> _GOAL OF THE EXERCISE_: Write only the number of lines below in which "Home" occurs.

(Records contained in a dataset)
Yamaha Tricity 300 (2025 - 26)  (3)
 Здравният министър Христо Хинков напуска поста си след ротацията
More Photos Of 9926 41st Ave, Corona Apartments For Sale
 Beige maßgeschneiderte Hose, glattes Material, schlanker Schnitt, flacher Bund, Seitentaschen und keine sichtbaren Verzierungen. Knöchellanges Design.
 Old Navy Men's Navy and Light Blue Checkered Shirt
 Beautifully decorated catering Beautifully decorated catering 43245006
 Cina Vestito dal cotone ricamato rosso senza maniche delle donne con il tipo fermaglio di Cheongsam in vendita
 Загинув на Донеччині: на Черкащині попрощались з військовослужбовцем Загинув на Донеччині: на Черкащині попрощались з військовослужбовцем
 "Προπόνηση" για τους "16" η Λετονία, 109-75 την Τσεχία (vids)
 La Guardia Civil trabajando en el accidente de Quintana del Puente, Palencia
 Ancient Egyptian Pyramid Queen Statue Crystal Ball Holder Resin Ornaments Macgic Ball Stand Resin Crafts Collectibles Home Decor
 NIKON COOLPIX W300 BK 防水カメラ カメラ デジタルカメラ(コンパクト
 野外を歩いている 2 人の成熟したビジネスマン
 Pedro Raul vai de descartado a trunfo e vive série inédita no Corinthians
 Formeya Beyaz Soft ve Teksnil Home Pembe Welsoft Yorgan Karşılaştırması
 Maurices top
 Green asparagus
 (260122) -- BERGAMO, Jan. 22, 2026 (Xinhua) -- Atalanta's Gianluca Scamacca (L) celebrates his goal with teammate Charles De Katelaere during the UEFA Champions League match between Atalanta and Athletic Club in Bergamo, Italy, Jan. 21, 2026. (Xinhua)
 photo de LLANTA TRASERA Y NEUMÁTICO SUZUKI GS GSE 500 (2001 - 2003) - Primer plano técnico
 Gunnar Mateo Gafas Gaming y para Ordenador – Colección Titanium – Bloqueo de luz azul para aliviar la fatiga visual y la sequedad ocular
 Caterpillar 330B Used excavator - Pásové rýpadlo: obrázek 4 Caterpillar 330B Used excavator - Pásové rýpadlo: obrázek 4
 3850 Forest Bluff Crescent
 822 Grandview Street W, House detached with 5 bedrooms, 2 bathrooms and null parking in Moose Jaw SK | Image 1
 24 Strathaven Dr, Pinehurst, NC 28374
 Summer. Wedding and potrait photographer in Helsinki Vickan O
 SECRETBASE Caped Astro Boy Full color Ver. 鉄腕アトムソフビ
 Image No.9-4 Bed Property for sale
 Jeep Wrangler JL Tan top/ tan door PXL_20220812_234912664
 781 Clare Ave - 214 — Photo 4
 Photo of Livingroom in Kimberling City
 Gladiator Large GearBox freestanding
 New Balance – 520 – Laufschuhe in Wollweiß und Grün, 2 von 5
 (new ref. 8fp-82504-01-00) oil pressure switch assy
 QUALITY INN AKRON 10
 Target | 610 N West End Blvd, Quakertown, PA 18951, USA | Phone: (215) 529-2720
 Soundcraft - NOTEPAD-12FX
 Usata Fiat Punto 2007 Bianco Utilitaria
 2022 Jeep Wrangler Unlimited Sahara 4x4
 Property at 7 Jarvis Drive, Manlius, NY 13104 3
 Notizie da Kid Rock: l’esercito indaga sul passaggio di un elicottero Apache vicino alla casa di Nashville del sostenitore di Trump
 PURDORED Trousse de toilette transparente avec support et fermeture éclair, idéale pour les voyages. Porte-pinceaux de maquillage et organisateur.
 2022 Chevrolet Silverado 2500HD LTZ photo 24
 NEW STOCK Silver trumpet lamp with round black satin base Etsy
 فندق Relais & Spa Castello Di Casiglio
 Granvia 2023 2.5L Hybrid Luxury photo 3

> _OUTPUT FOR THIS TASK_: 2